Since I last posted on this blog, I’ve published a couple of new guest articles on

“What is Professionalism” should be of interest in both career development and in small business performance.

Gina Gardiner gives a list of possible characteristics of professional behavior. It includes such practices as being on time and using time well, speaking appropriately in accordance with one’s audience (e.g. not being patronizing); being knowledgeable, working well under pressure, meeting deadlines, being a good listener — and more. All the things most of us would expect from professionals and ambitious careerists.

I’d like to add that her list of characteristics applies equally to blue collar workers, plumbers, receptionists, retail clerks, cab drivers, gardeners and the many others we don’t usually think about in terms of “professional.” When you stop to think about it, can’t you tell the difference between people in those kinds of jobs or businesses who practice professionalism and those who don’t?

If you have, for example, a plumber into your home, do you appreciate the extra touches companies are starting to use, like having him arrive in clean clothes and put shoe covers on his feet before entering? How about if he says, “Yes, Sir” and “Yes, Ma’am,” and otherwise speaks respectfully? How about if he puts on a protective working suit before beginning work, explains what he’s doing as he goes along, washes his hands before offering you a clean invoice in a clean clipboard with a clean pen to sign for the services?
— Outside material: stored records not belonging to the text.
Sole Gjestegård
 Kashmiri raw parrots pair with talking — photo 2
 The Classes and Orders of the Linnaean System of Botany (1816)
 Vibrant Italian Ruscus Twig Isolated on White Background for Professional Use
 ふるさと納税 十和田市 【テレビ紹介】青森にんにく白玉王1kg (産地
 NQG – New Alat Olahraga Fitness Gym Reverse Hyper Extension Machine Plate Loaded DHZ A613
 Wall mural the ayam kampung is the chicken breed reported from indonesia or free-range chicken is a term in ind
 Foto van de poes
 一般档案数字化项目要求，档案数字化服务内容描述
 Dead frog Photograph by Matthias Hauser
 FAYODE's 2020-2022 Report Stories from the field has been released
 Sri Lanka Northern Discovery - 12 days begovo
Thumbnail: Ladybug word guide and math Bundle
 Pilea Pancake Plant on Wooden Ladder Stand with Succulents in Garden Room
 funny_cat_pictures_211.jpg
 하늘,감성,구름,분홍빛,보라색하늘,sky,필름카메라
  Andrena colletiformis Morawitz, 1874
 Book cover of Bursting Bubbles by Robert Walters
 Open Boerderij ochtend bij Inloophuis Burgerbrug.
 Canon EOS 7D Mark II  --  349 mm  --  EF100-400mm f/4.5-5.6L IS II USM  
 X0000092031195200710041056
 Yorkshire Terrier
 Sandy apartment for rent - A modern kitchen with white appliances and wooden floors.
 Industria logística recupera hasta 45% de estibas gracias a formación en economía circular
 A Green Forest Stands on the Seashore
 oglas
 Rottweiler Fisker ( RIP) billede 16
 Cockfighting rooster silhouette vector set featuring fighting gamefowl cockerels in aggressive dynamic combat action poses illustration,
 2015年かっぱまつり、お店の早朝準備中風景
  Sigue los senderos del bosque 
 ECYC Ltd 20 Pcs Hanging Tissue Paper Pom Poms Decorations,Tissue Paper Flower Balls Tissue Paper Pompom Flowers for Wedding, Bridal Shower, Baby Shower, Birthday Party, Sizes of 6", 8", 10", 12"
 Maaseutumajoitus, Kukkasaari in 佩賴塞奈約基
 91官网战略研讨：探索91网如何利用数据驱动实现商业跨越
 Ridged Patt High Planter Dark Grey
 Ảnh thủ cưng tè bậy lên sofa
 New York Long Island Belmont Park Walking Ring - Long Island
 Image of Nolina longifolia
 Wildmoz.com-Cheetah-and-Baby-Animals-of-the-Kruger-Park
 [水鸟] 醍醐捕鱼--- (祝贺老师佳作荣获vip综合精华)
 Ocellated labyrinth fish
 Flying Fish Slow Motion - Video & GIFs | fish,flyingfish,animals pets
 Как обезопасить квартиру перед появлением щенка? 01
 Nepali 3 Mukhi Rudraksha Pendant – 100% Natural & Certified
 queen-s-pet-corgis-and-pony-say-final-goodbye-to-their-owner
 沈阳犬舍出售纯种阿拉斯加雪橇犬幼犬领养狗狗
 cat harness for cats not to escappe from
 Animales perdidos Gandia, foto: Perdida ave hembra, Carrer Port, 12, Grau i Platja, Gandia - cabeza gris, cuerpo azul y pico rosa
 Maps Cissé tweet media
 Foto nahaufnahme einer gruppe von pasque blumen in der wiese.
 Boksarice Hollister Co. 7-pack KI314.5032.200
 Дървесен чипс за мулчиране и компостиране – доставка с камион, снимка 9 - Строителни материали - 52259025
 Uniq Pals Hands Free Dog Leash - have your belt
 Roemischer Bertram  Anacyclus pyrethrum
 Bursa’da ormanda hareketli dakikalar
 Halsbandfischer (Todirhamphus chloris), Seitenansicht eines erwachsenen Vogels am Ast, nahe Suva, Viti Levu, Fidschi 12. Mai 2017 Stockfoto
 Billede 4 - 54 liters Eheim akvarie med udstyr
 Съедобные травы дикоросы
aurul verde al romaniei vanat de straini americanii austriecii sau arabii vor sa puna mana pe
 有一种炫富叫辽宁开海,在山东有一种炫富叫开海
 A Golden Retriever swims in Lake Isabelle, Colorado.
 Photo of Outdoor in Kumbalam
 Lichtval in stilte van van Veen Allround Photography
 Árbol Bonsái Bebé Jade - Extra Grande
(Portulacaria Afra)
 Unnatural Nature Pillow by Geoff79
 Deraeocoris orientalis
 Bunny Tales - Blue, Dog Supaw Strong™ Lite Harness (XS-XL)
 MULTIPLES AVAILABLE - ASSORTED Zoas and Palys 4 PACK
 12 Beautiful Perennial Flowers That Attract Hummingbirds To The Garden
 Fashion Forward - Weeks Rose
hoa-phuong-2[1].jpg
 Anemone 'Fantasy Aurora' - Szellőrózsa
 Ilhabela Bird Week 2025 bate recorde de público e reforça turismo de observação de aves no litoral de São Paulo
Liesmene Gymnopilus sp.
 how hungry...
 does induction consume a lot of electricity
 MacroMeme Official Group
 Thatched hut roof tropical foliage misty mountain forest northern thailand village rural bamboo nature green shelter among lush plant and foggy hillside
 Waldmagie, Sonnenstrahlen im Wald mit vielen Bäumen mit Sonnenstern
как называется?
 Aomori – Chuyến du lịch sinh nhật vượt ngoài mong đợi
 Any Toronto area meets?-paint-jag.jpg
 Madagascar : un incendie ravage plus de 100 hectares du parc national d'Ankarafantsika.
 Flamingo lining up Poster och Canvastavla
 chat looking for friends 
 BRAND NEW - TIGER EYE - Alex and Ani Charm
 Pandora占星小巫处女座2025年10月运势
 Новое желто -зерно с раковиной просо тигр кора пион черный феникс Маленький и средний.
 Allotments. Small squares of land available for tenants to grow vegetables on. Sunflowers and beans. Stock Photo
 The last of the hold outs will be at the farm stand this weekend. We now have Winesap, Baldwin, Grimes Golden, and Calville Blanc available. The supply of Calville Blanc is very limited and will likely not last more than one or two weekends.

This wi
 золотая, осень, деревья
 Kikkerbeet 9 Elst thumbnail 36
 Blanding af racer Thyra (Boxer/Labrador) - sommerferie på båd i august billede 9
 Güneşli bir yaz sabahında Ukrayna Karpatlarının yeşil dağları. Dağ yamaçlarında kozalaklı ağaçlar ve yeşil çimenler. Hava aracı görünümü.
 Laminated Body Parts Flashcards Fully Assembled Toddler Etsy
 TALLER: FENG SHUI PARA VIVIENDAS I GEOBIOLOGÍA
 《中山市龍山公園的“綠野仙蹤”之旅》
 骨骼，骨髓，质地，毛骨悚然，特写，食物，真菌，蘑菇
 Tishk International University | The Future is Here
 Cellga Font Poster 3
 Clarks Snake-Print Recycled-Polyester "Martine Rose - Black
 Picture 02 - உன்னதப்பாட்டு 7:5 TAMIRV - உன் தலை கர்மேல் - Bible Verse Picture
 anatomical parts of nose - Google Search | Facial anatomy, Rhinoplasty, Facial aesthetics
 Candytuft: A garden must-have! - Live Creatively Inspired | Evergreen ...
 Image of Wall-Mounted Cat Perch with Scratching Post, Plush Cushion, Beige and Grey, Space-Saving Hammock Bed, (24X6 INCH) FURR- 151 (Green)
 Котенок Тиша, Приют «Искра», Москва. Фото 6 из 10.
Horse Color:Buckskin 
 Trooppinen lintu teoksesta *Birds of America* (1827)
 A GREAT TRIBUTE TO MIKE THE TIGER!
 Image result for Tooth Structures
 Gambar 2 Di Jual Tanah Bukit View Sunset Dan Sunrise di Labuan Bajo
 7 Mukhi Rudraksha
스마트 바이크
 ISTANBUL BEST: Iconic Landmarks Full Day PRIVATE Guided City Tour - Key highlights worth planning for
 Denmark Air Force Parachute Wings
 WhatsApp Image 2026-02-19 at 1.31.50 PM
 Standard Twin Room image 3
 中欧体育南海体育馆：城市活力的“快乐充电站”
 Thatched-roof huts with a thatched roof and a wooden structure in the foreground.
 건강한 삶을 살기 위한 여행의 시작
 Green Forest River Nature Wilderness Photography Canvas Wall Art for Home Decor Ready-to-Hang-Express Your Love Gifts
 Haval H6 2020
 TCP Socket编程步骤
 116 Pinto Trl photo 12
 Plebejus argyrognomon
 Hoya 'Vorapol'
Services companies are starting to realize that competition requires them to stand out. The best way to stand out is to get a reputation for professionalism. They’re starting to train workers to act professionally. It’s making a difference in their bottom lines.

Professionalism is an important attribute of any work. Whether you are just starting out at the lowest echelons of a corporation, just been promoted to first level supervisor, drive a cab, park cars, wait tables or you are in any kind of business whatsoever, consider the ways you can incorporate professionalism into your career or business.

People notice.

In “Trust Withheld; Micromanagement Unveiled,” Eileen McDargh talks about how managers disappoint and disempower employees when they “micromanage.” And, even worse, how they undermine or destroy employee trust in management by showing so little trust in employees.

Mc Dargh makes a good case for becoming good at communicating desired results, limits, time line and expectations and then learning to set back and let the employees work out their own processes. It’s easier on everyone, allows for creativity and innovations and usually gets the best results.